● Excerpted data:
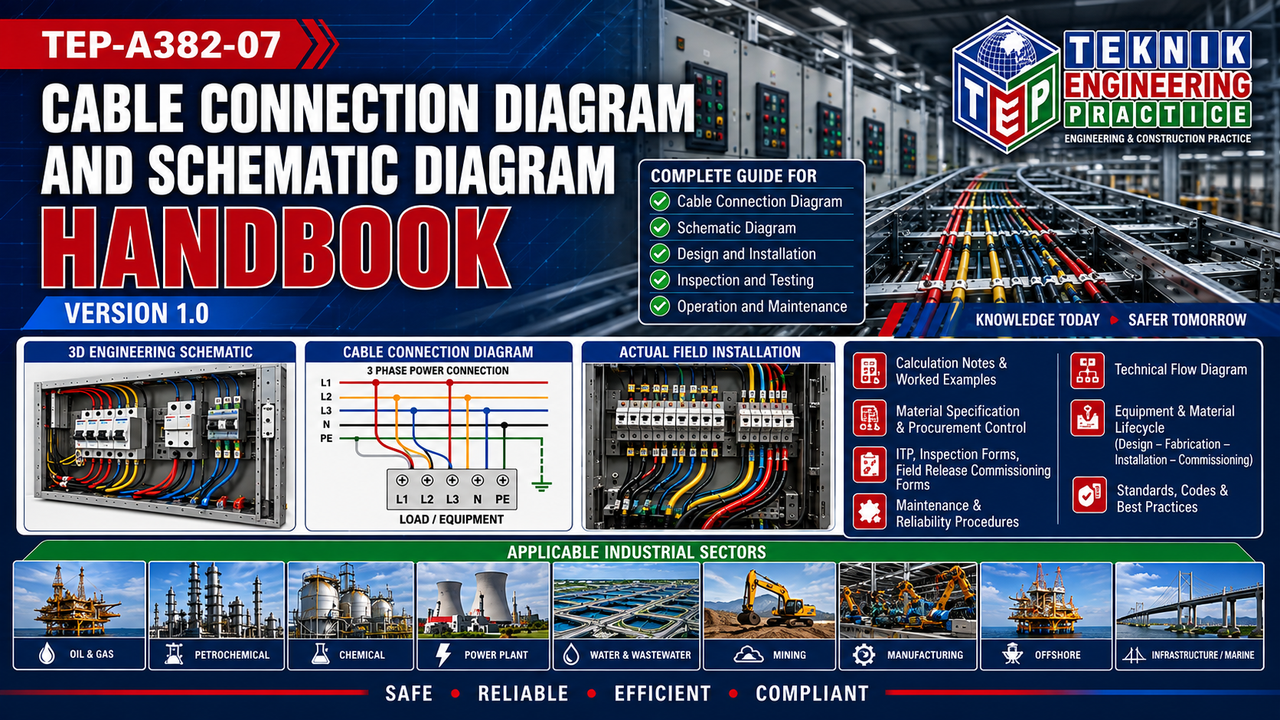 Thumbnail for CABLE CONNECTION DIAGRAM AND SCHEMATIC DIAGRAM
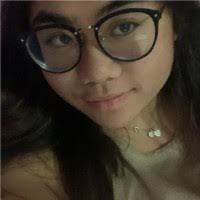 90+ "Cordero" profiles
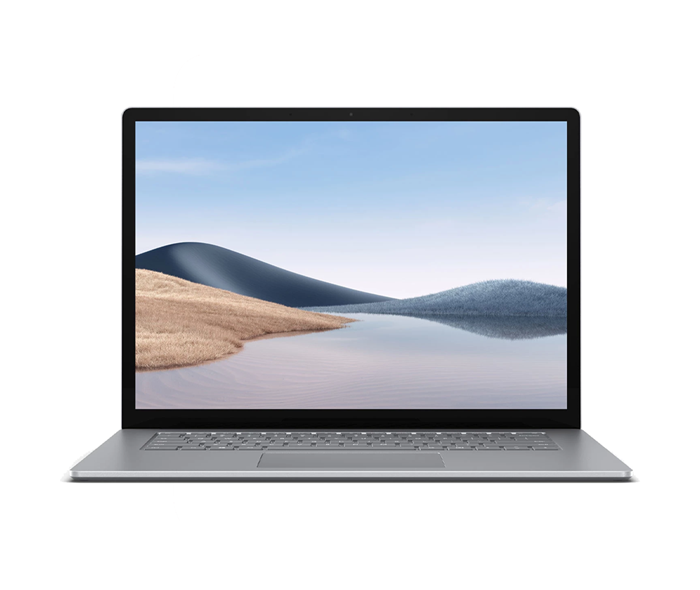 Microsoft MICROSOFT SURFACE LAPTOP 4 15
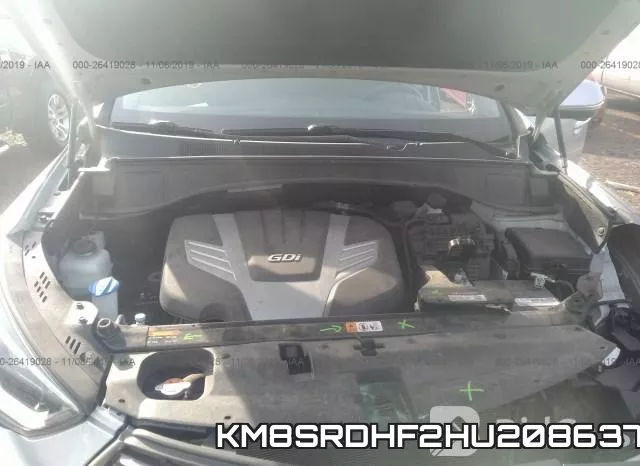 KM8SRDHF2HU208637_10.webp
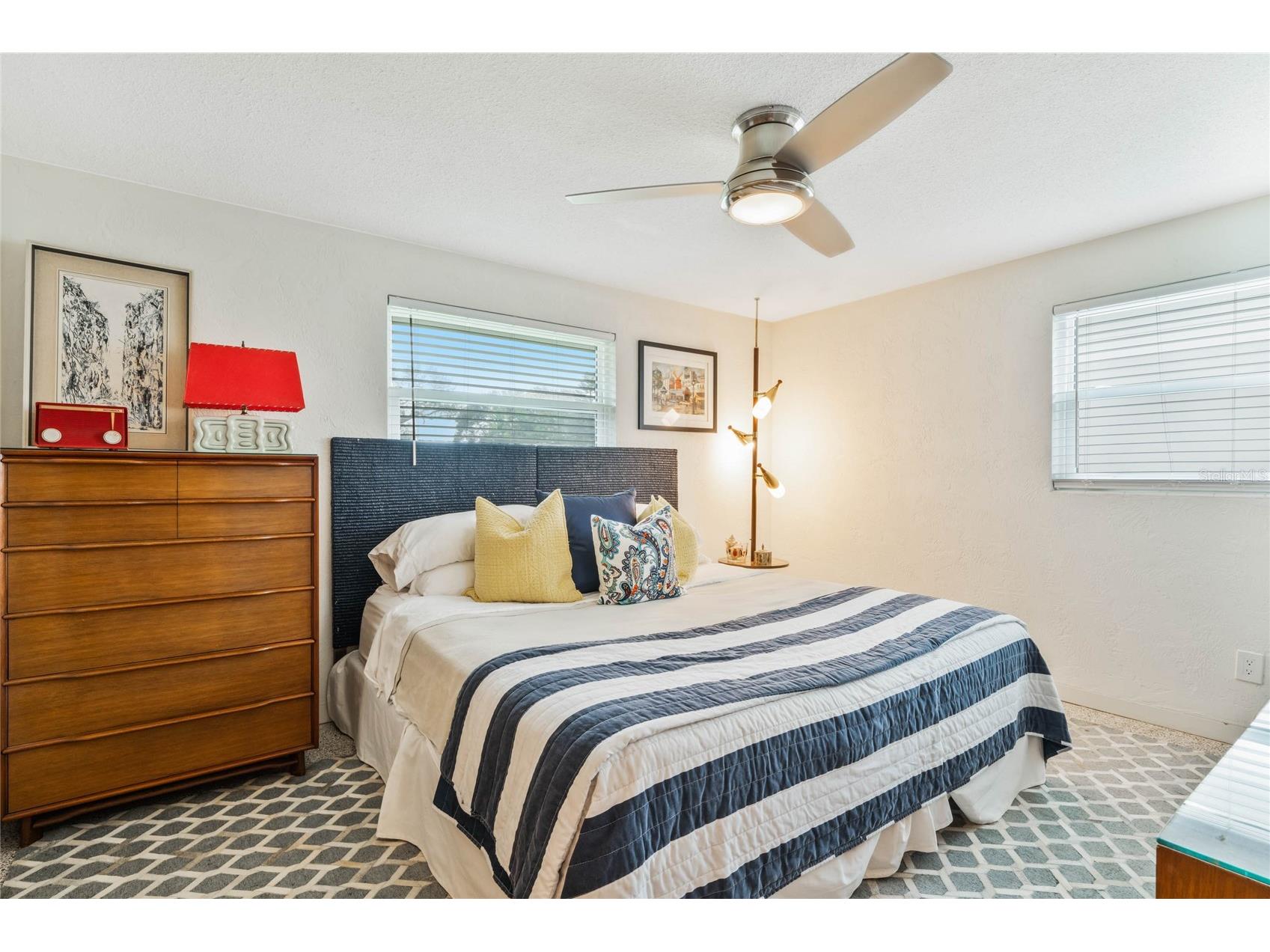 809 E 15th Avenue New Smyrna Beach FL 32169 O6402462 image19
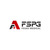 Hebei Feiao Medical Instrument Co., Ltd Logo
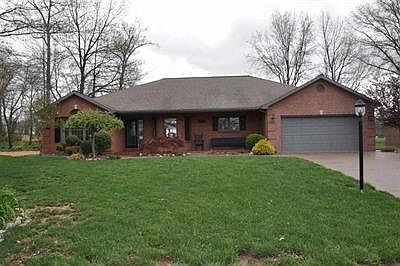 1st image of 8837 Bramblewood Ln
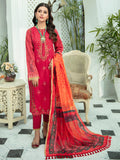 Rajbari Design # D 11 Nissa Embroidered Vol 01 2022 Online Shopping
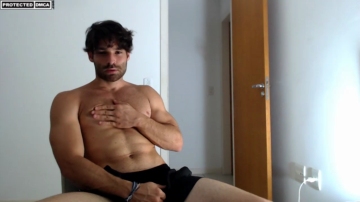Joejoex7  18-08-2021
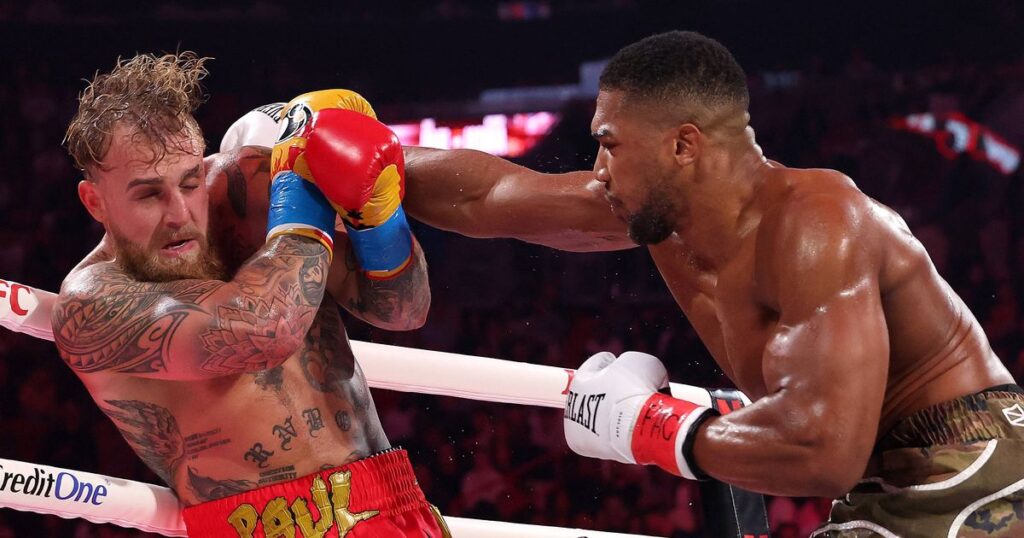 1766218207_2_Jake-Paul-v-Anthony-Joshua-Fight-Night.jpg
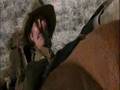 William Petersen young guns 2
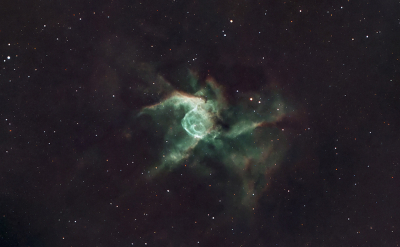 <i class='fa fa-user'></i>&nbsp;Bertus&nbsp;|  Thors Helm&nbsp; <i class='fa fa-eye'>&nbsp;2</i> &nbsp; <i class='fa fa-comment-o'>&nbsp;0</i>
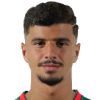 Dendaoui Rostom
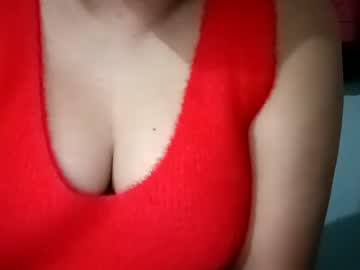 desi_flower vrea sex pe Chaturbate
...
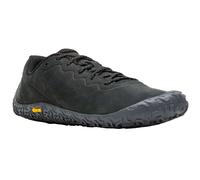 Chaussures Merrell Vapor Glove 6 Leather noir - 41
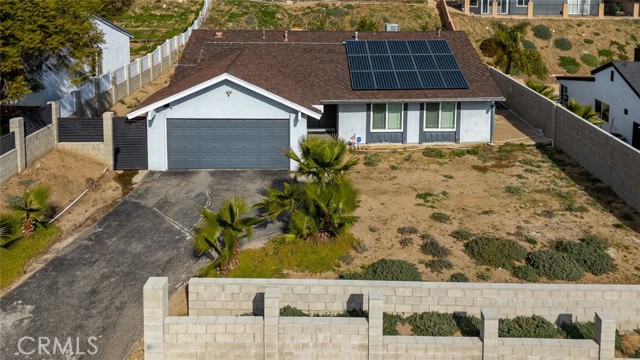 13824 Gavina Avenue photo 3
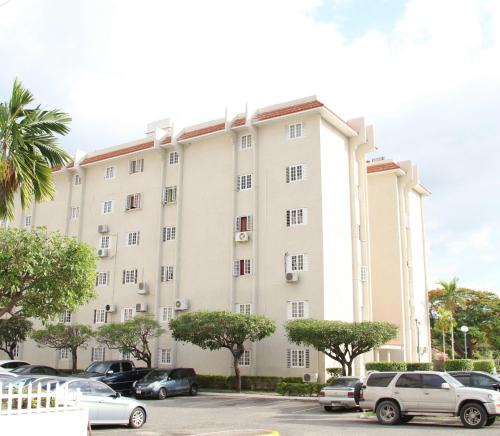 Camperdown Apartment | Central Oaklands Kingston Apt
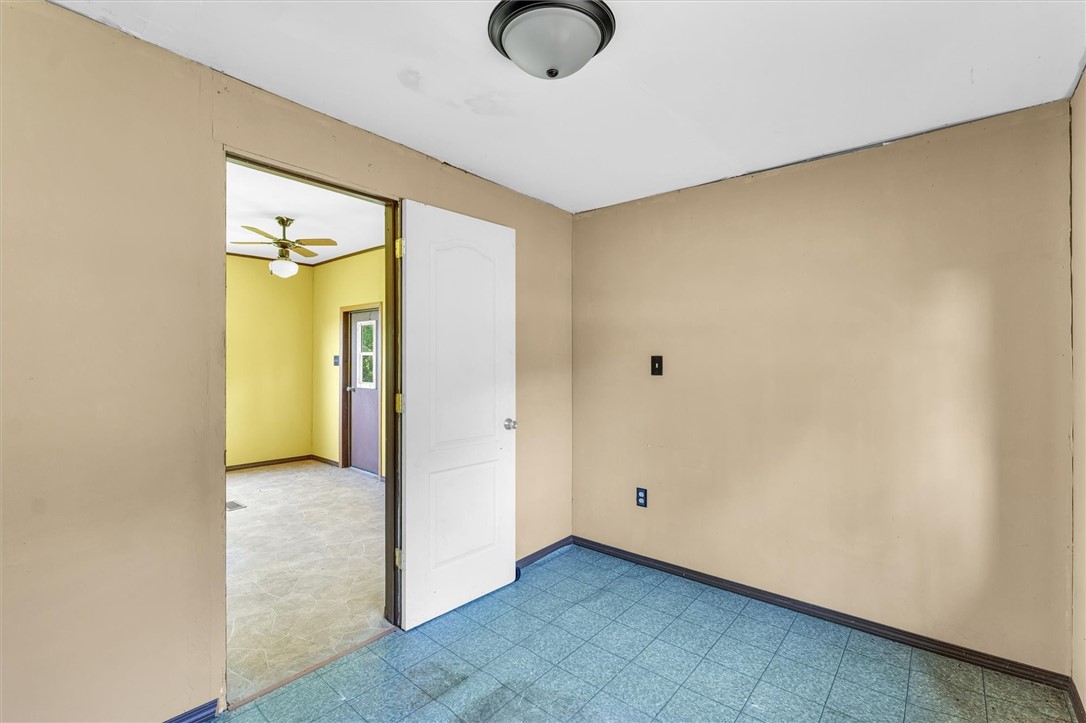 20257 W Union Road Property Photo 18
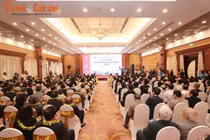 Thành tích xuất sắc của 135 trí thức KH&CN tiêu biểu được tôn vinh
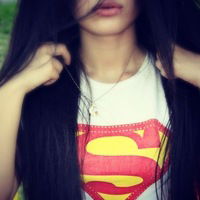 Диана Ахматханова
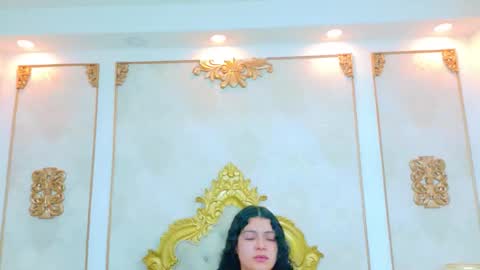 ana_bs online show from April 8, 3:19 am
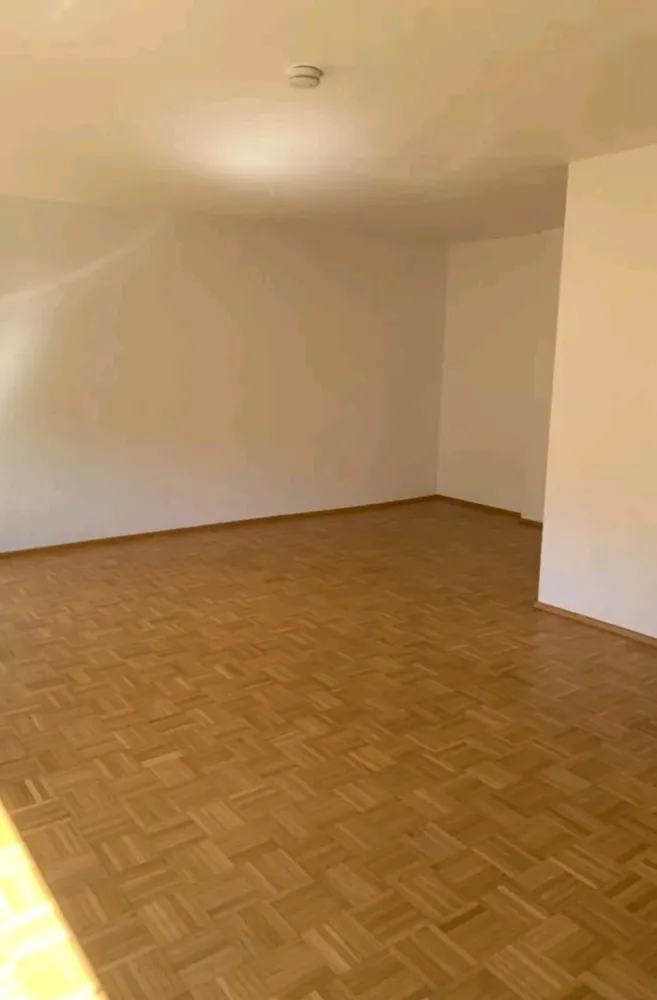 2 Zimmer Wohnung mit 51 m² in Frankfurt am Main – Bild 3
* * *
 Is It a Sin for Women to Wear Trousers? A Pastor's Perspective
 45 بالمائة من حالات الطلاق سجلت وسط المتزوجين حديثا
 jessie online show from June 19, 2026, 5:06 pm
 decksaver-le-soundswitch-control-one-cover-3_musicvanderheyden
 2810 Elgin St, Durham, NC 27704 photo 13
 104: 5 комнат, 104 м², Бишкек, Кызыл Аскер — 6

● The task:
Set down exactly the lines above, from the line containing "Thumbnail for CABLE" through the line containing "desi_flower vrea sex pe Chaturbate". Skip the pictures.

● Result for this exercise:
 Thumbnail for CABLE CONNECTION DIAGRAM AND SCHEMATIC DIAGRAM
 90+ "Cordero" profiles
 Microsoft MICROSOFT SURFACE LAPTOP 4 15
 KM8SRDHF2HU208637_10.webp
 809 E 15th Avenue New Smyrna Beach FL 32169 O6402462 image19
 Hebei Feiao Medical Instrument Co., Ltd Logo
 1st image of 8837 Bramblewood Ln
 Rajbari Design # D 11 Nissa Embroidered Vol 01 2022 Online Shopping
Joejoex7  18-08-2021
 1766218207_2_Jake-Paul-v-Anthony-Joshua-Fight-Night.jpg
 William Petersen young guns 2
 <i class='fa fa-user'></i>&nbsp;Bertus&nbsp;|  Thors Helm&nbsp; <i class='fa fa-eye'>&nbsp;2</i> &nbsp; <i class='fa fa-comment-o'>&nbsp;0</i>
 Dendaoui Rostom
 desi_flower vrea sex pe Chaturbate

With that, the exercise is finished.